In keeping with my November writing theme of learning to love winter and embrace the cold, I wanted to do a story on family winter camping.  I love getting into the wilderness and backcountry all year long and I can't sit inside for 6 months waiting for the snow to melt.  As you've figured out by now, we kind of like the white fluffy stuff too!  Snow means skiing and snowshoeing, sledding, snow angels, snow ball fights, skating,...AND winter camping.

Winter Camping at Elbow Lake (photo:  M. Schulze)

My definition of winter camping however, is perhaps not what one would typically refer to as "camping."  When I go into the backcountry or wilderness in the cold months from October through April, I stay in a hut, cabin, or hostel.  I'm a bit of a princess when it comes to tenting in the snow and I like to have four walls around me, a bed, and an indoor fireplace if I'm going to go camping in the winter.  I've done a ton of winter backpacking and I've spent many a night in the wilderness during the cold season - but I've never slept in a tent.

This is my idea of winter camping (Elk Lakes, Alpine Club of Canada Cabin)

Being that I am not a traditional winter camper, I figured I should call in some help on this story and get some real solid tips for you on how to camp in the snow with kids - in a real tent!  Honest to goodness camping and not the "glamping" that I like to do.  Fortunately, my new friend Melissa Schulze and author of the blog, Rockies Chick, has just completed a winter camping trip at Elbow Lake in Kananaskis.  She took her 4 year old daughter with her and they survived the night.  More than survived in fact, because they want to do it again!  So, I begged Melissa to share some tips with us on how to take children into the backcountry in winter. 

Heading into Elbow Lake with loaded down sleds



A Guide to Winter Camping with Kids - By Melissa Schulze



Camping at Elbow Lake (M. Schulze)
If a beautiful landscape covered in a white blanket of snow and sipping on hot chocolate around a fire while stargazing is something you would like to experience, then winter camping might be for you. If you are willing to brave the winter cold months and would like to try winter camping with your kids, do not fear.  There is a way!  Just remember that everything in the winter takes longer and that preparation is the key.

1.  Choose either a drive in campsite or a backcountry site that isn't too far from your car. This will put you at ease in the event things do not go as planned.

2.  Have an all season tent or if this is not possible, try to find shelter for your tent. You do not want the wind to enter your tent during the night. The temperature can drop dramatically with wind chill.
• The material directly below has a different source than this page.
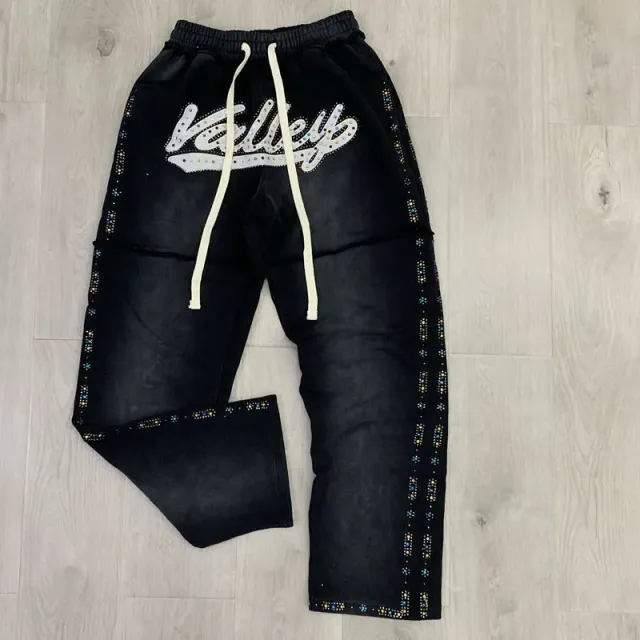 Vale Forever Track Pants Crystal Logo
Snow or rocks around your tent can act as a brilliant shelter.

3.  When setting your mattress and sleeping bag down, place an emergency blanket down at the bottom of the tent under your mattress.  This will act as an extra layer and can make a big difference.
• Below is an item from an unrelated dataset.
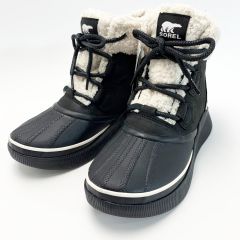  SOREL ソレル スノーブーツ  NL5151-010 ブラック SIZE 24cm レディース Aランク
4.  Once your tent is set up, look for a cooking space while you still have daylight left. If you are in the backcountry there is usually a designated location separated away from your sleeping area. Keep in mind that wind may pick up and cooking may become difficult. Find a space where you might have a bit of wind shelter. This can be harder to locate once the sun has gone down.
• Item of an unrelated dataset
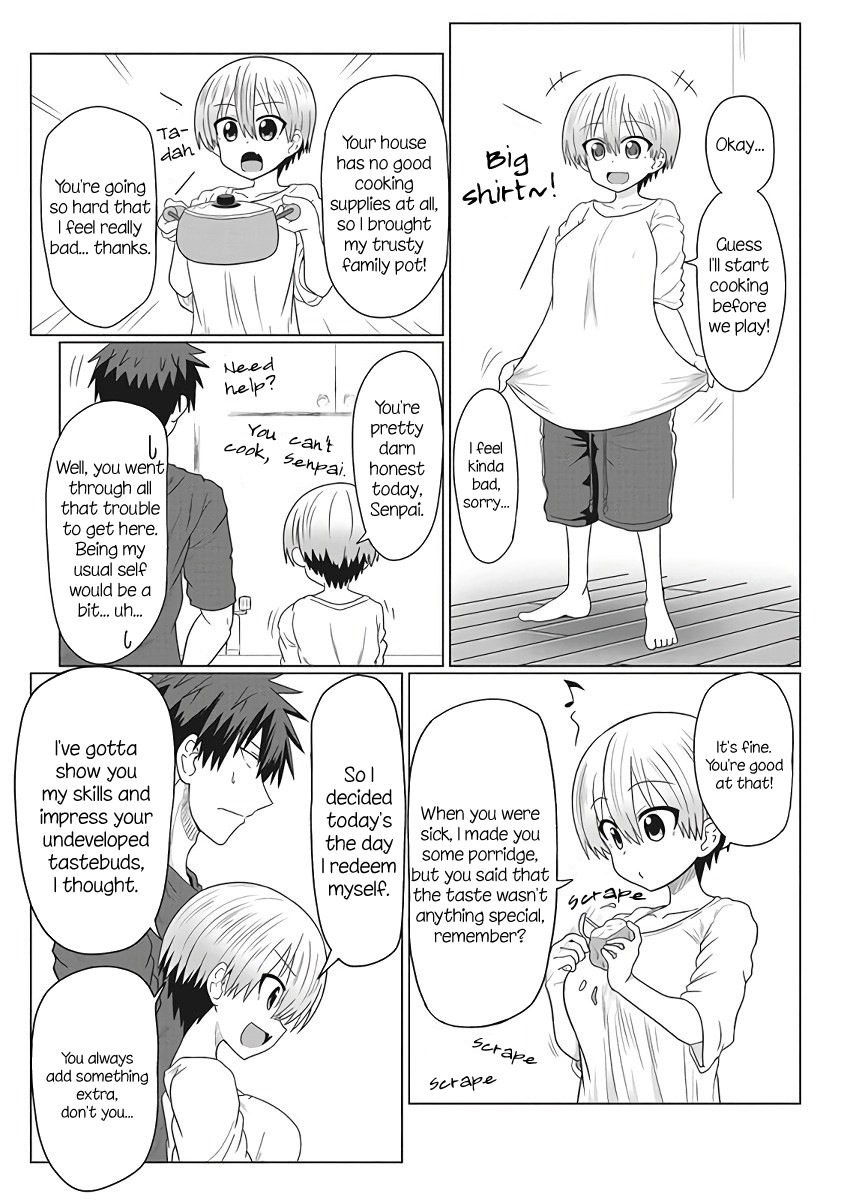 Uzaki-chan Wants to Hang Out! - Chapter 13 - Page 5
Camping at Elbow Lake (M. Schulze)
 5.  Before cooking, place your stove fuel canister in your jacket.  This might help get things warm enough to get started. The same thing goes for your lighters. It can be extremely hard to light your lighter once it is cold, not to mention how hard it can be to do so with frozen fingers. Make sure you also have waterproof matches.

 6.  If you start getting cold before the sun goes down, get moving, go for a walk, play a game, or do anything to get you moving. This might be a good time to explore the area, perhaps go snowshoeing, hiking, skiing or perhaps just build a fort.

 7.  Drink plenty of warm fluids. Hot chocolate, tea, soup, etc. Just make sure to slow down on consumption close to bedtime. A trip to the bathroom in the middle of the night can be challenging.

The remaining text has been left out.